The use of double-reporter Mycobacterium abscessus strains to improve anti-biofilm drug screening

Pulmonary infections caused by Mycobacterium abscessus are a pressing health issue due to the bacterium's high antibiotic resistance. Developing effective treatments is imperative, but conventional in vitro antibiotic susceptibility assays often do not correspond to clinical efficacy. M. abscessus easily aggregates and forms biofilms in various environments, where the protection conferred by an extracellular matrix, together with the mycobacteria's ability to enter a non-replicative persistent stage, highly hampers the activity of antibiotics. We developed a protocol to grow M. abscessus biofilms in a setup that allows high-throughput drug screening. The mycobacteria's luminescence is used as a readout of biofilm viability and its fluorescence as a measure of bacterial load, without the need for additional stains and maintaining the biofilm's integrity throughout the protocol.
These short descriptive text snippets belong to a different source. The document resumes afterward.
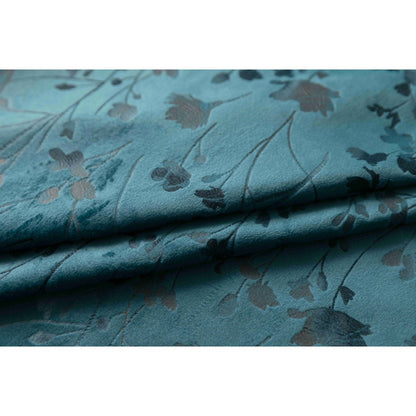 Κουρτίνα Βελούδινη Με Τρέσα (270*275) Πετρόλ -6032-5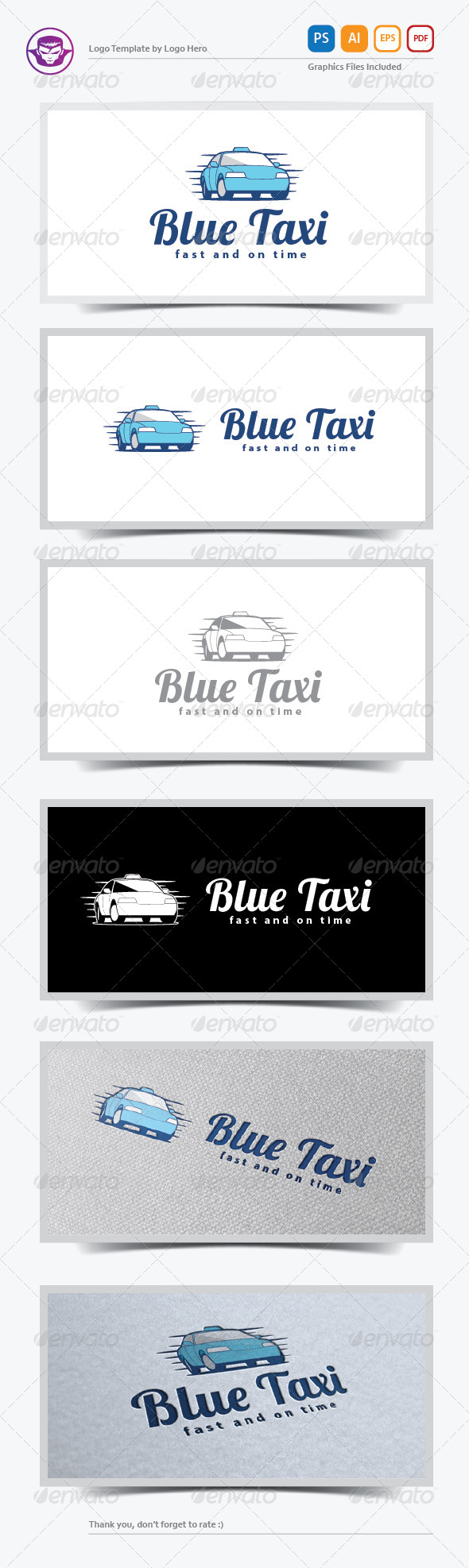 Blue Taxi Logo Template Blue Taxi Logo Template
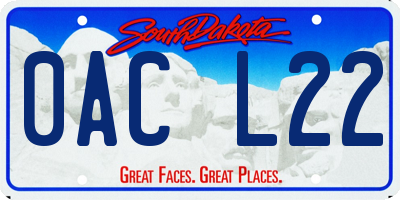 SD license plate 0ACL22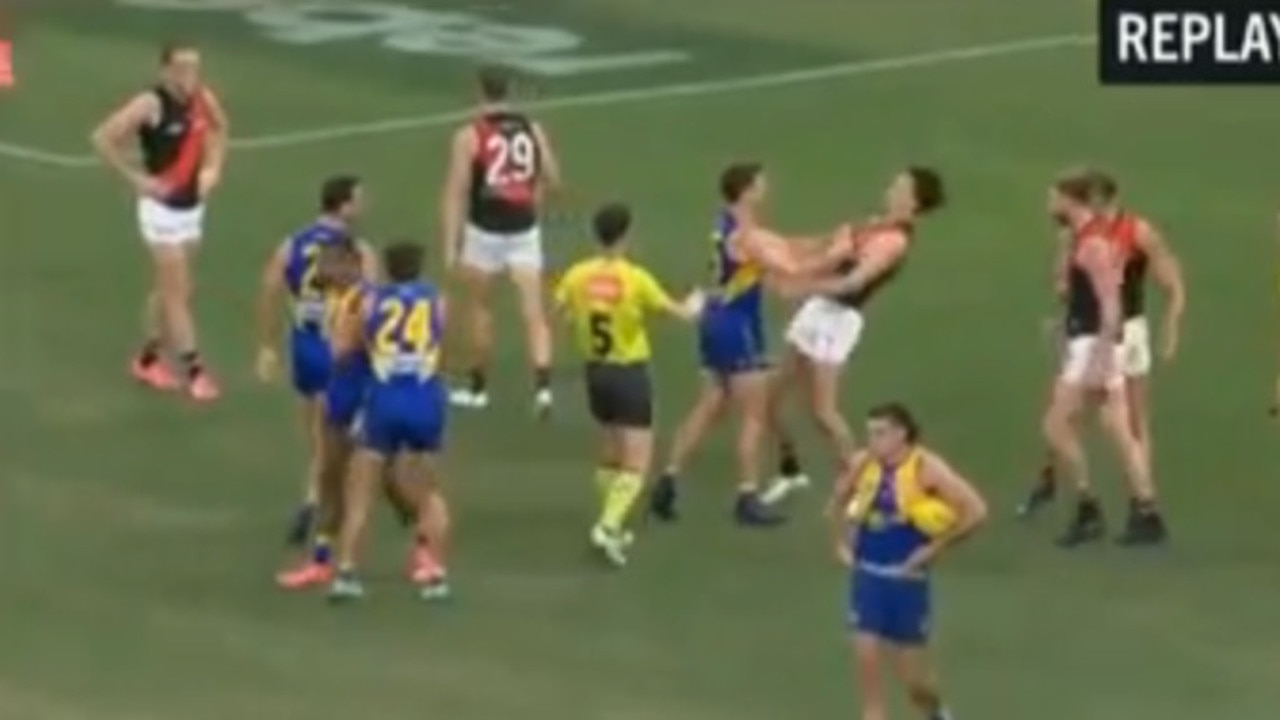 Jamie Cripps shoves Nic Martin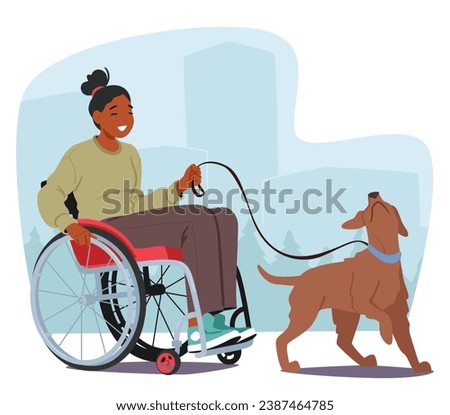 Similar – Image, Stock Photo Woman in wheelchair with her dog outdoors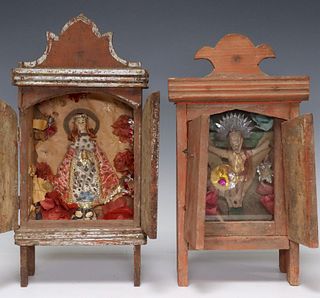2) CARVED & PAINTED WOOD NICHO WITH SANTOS, MEXICO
The use of imaging equipment allows a visual representation of the viability and bacterial load of each biofilm per well, and appropriate software can be used to quantify the luminescence and fluorescence signals. Quantification of biofilm mass can be done afterwards, using the same plate, by crystal violet staining. Although luminescent reporter assays have been used before, we believe this is the first time that a mycobacteria luminescent strain has been applied to assess drug activity against biofilms. This protocol enables the simultaneous screening of multiple compounds and identification of hits against M. abscessus biofilms in a fast, easy, and reliable manner. Most importantly, by mimicking the biofilm status that M. abscessus assumes in vivo, this assay will give more predictive information regarding compound efficacy.